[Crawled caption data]
▬▬▬▬▬▬▬▬▬▬
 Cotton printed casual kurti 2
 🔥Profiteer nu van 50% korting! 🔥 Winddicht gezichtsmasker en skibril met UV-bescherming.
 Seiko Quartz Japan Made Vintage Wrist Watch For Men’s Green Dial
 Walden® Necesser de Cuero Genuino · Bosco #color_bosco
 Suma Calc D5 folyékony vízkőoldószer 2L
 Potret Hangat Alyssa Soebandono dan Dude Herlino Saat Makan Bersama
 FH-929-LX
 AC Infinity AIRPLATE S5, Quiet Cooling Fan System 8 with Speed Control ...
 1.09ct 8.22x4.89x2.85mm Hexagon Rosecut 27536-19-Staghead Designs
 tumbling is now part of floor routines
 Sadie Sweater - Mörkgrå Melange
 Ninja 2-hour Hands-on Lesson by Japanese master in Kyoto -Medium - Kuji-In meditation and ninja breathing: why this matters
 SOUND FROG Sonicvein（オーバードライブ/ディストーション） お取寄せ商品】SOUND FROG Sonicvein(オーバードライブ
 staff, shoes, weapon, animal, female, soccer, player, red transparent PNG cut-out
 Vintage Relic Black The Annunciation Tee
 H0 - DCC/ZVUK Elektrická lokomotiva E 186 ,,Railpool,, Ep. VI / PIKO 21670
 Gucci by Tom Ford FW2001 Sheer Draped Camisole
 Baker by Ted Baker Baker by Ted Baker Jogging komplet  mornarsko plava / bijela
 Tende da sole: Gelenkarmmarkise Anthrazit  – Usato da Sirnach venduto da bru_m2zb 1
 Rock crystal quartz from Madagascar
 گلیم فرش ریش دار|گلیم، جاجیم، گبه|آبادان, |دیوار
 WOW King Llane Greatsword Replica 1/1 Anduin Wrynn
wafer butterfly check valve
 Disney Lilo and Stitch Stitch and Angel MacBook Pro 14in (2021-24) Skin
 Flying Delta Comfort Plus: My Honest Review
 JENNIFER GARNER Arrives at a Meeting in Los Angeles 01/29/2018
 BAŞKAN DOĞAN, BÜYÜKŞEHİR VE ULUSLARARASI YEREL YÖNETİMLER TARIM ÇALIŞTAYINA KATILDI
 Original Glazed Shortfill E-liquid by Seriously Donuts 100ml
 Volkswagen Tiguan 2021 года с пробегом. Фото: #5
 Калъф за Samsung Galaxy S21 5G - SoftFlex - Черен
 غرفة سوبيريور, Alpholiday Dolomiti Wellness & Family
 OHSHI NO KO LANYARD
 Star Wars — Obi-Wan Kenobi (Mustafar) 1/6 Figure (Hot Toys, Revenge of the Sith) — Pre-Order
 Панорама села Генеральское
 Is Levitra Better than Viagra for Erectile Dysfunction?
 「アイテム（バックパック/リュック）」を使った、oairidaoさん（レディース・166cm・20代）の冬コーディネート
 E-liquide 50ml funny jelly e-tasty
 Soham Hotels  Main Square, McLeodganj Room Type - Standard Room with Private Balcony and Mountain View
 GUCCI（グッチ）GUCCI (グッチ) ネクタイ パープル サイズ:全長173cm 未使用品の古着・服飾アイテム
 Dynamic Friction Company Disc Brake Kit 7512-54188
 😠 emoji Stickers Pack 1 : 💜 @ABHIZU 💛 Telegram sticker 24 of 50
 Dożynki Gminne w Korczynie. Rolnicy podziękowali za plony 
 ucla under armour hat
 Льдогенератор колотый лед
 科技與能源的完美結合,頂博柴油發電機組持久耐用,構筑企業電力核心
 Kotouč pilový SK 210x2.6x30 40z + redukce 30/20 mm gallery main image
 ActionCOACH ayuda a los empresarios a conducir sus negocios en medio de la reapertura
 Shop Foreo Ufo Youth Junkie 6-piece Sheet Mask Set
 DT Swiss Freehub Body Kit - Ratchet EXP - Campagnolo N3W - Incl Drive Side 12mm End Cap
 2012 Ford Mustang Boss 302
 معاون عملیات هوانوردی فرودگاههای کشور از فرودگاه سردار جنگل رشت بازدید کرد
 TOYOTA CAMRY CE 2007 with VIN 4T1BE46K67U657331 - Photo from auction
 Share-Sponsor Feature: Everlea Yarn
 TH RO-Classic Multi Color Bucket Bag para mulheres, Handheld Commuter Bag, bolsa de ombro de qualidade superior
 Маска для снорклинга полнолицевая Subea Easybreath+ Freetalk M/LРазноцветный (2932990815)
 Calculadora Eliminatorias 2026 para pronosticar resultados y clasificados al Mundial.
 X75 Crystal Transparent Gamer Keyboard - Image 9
▬▬▬▬▬▬▬▬▬▬
* Task details
Produce only the lines from the line containing "Baker by Ted Baker Baker" through the line containing "Маска для снорклинга", inclusive of both, exactly as they stand in the entries above.

* Solution to the problem
 Baker by Ted Baker Baker by Ted Baker Jogging komplet  mornarsko plava / bijela
 Tende da sole: Gelenkarmmarkise Anthrazit  – Usato da Sirnach venduto da bru_m2zb 1
 Rock crystal quartz from Madagascar
 گلیم فرش ریش دار|گلیم، جاجیم، گبه|آبادان, |دیوار
 WOW King Llane Greatsword Replica 1/1 Anduin Wrynn
wafer butterfly check valve
 Disney Lilo and Stitch Stitch and Angel MacBook Pro 14in (2021-24) Skin
 Flying Delta Comfort Plus: My Honest Review
 JENNIFER GARNER Arrives at a Meeting in Los Angeles 01/29/2018
 BAŞKAN DOĞAN, BÜYÜKŞEHİR VE ULUSLARARASI YEREL YÖNETİMLER TARIM ÇALIŞTAYINA KATILDI
 Original Glazed Shortfill E-liquid by Seriously Donuts 100ml
 Volkswagen Tiguan 2021 года с пробегом. Фото: #5
 Калъф за Samsung Galaxy S21 5G - SoftFlex - Черен
 غرفة سوبيريور, Alpholiday Dolomiti Wellness & Family
 OHSHI NO KO LANYARD
 Star Wars — Obi-Wan Kenobi (Mustafar) 1/6 Figure (Hot Toys, Revenge of the Sith) — Pre-Order
 Панорама села Генеральское
 Is Levitra Better than Viagra for Erectile Dysfunction?
 「アイテム（バックパック/リュック）」を使った、oairidaoさん（レディース・166cm・20代）の冬コーディネート
 E-liquide 50ml funny jelly e-tasty
 Soham Hotels  Main Square, McLeodganj Room Type - Standard Room with Private Balcony and Mountain View
 GUCCI（グッチ）GUCCI (グッチ) ネクタイ パープル サイズ:全長173cm 未使用品の古着・服飾アイテム
 Dynamic Friction Company Disc Brake Kit 7512-54188
 😠 emoji Stickers Pack 1 : 💜 @ABHIZU 💛 Telegram sticker 24 of 50
 Dożynki Gminne w Korczynie. Rolnicy podziękowali za plony 
 ucla under armour hat
 Льдогенератор колотый лед
 科技與能源的完美結合,頂博柴油發電機組持久耐用,構筑企業電力核心
 Kotouč pilový SK 210x2.6x30 40z + redukce 30/20 mm gallery main image
 ActionCOACH ayuda a los empresarios a conducir sus negocios en medio de la reapertura
 Shop Foreo Ufo Youth Junkie 6-piece Sheet Mask Set
 DT Swiss Freehub Body Kit - Ratchet EXP - Campagnolo N3W - Incl Drive Side 12mm End Cap
 2012 Ford Mustang Boss 302
 معاون عملیات هوانوردی فرودگاههای کشور از فرودگاه سردار جنگل رشت بازدید کرد
 TOYOTA CAMRY CE 2007 with VIN 4T1BE46K67U657331 - Photo from auction
 Share-Sponsor Feature: Everlea Yarn
 TH RO-Classic Multi Color Bucket Bag para mulheres, Handheld Commuter Bag, bolsa de ombro de qualidade superior
 Маска для снорклинга полнолицевая Subea Easybreath+ Freetalk M/LРазноцветный (2932990815)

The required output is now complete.